Sunday, March 13, 2005

Screen Dreams

A friend has lent us a four-DVD box set of Miyazaki films. That's a good friend to have.

Tuesday, March 08, 2005

Sufferer's Time

There is something in this piece by Marcello Carlin that resonates very profoundly with me. I think it is this passage:

"Up in remote Lanarkshire, as yet unfamiliar with Handsworth or Brixton, it seemed to me like a record from the outermost space, a reggae version of Stockhausen's Stimmung, all chopped up syllables and stopped polyglots, and I loved it."

Substitute South Gippsland for Lanarkshire, and ignore for a moment the reference to Stockhausen, and it could be me. Not in 1974, mind, but 1978, listening for the first time, perhaps, to the Sunday evening reggae show on Sydney's 2JJ, accessible by radio hundreds of miles to the south only as the cool night air sent the signal down our way, sporadically, fading in and out in the way only AM radio can, so that your chances of catching the back-announcement of the songs just played were fairly slim. Which, I guess, added to the mystery. What was this thing called "dub"? And why did I really, genuinely feel this music in a way that I didn't feel other music, even music that I was totally absorbed by? (And why do I still feel the same way?)

Such a response, to what (judging by the reactions I have had in the past from casual listeners) is not the most readily accessible of musics, is perhaps easier to understand in someone like Carlin, who seems to have been brought up in a kind of alternate-world ideal household, where jazz in its more lofty forms was the order of the day, along with the likes of the aforementioned Stockhausen. In my own case, my parents' feeble record collection ran to "30 Smash Hits of the War Years", Strauss waltzes, and the Seekers, spiced up a bit by regular World Record Club selections from the likes of V Balsara and His Singing Sitars (still one of my favourite records: listen to them butcher the Beatles and weep - or howl). So, whence comes the dub that courses through my body? Is there a hint of illegitimate Jamaican blood in here somewhere? (I did have two transfusions at birth. Aha - has anybody ever done a study on this?)

On the other hand, I could always cease the amateur self-psychoanalysis, relax, and put on Keith Hudson's "Pick A Dub" (Blood and Fire reissue - hey, my personal 1974 revolved around The Sweet and Suzi Quatro, with Skyhooks looming just around the corner; I wouldn't have recognised a dub plate if someone served my dinner on it).

Monday, March 07, 2005

What else can you do?

There are days when the only thing that will help is "The Fox In The Snow" by Belle and Sebastian.

Sunday, March 06, 2005

This goes with that (again)

The fifth song on side one of “The Spanish Album” by the Sandpipers (no year given; post-1966 is all I can say, but most likely not far “post”), which I picked up at the most recent Canberra YMCA garage sale (along with several others in what I consider a good vinyl haul - about which, undoubtedly, more later), is a song called “Cancion de Amor”, or “Wanderlove”, written by Mason Williams, whose own version appears, according to IMDb, in the movie “The Kid Stays In The Picture”. Can’t say I know the original, or any of the numerous other versions of this song (Esther & Abi Ofarim, anyone?).
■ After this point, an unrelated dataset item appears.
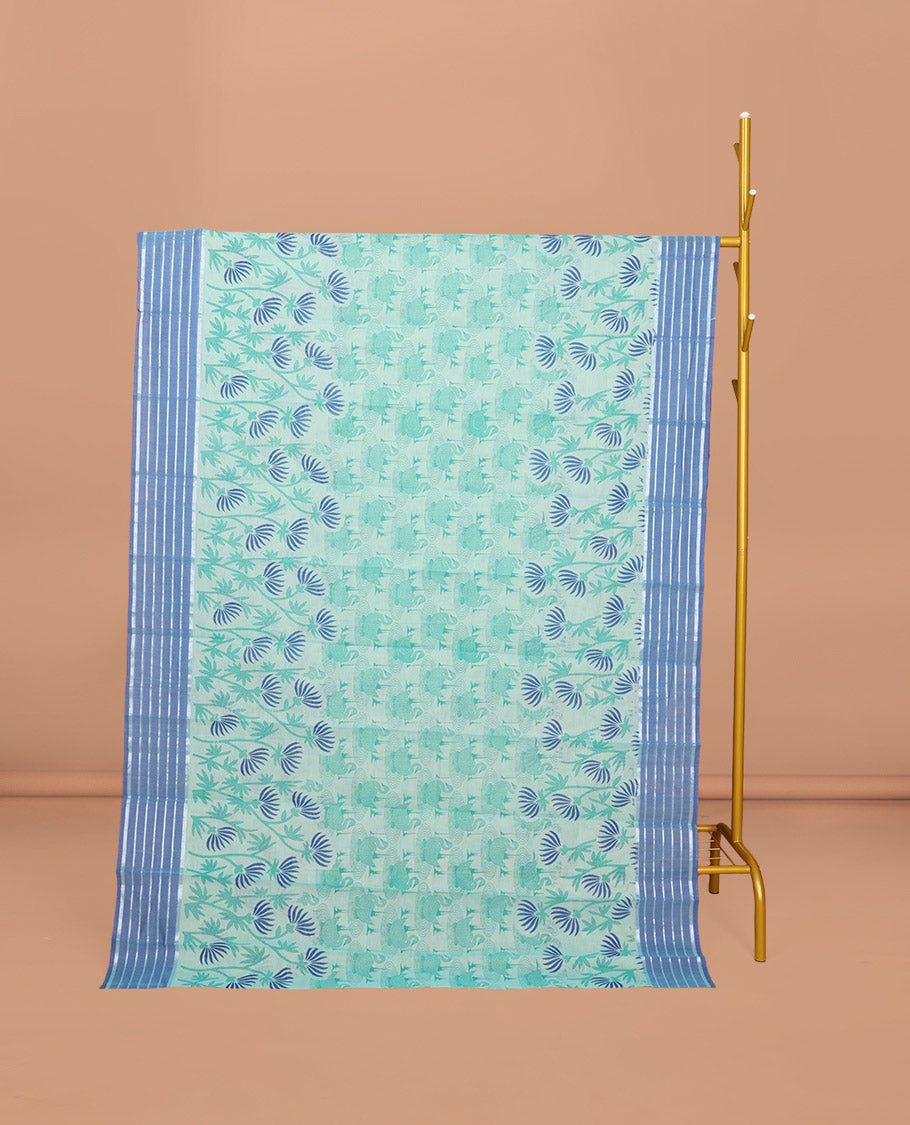 Pale Blue Chirala Cotton Saree, Decked Up with Swan and Floral Print, Contrast Striped Border, Floral Printed Pallu, and a Matching Blouse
But what I can say is that, at the point when the Sandpipers get to the three-note descending sequence at the end of each verse, my brain can’t help but segue into the chorus of Nick Cave’s “The Weeping Song”: naturally, we are far from alleging anything untoward; it is a very fine turn of musical phrase, which sits well in both songs. And astute readers will recall that “The Good Son”, the Nick Cave album on which “The Weeping Song” appears, was recorded in Sao Paolo, so perhaps the similarity is less surprising than it initially seemed.

Tuesday, March 01, 2005


We are probably going to start putting up the occasional mp3 on this page. I suppose that means we might be blogging from jail. It's a risk we have to take.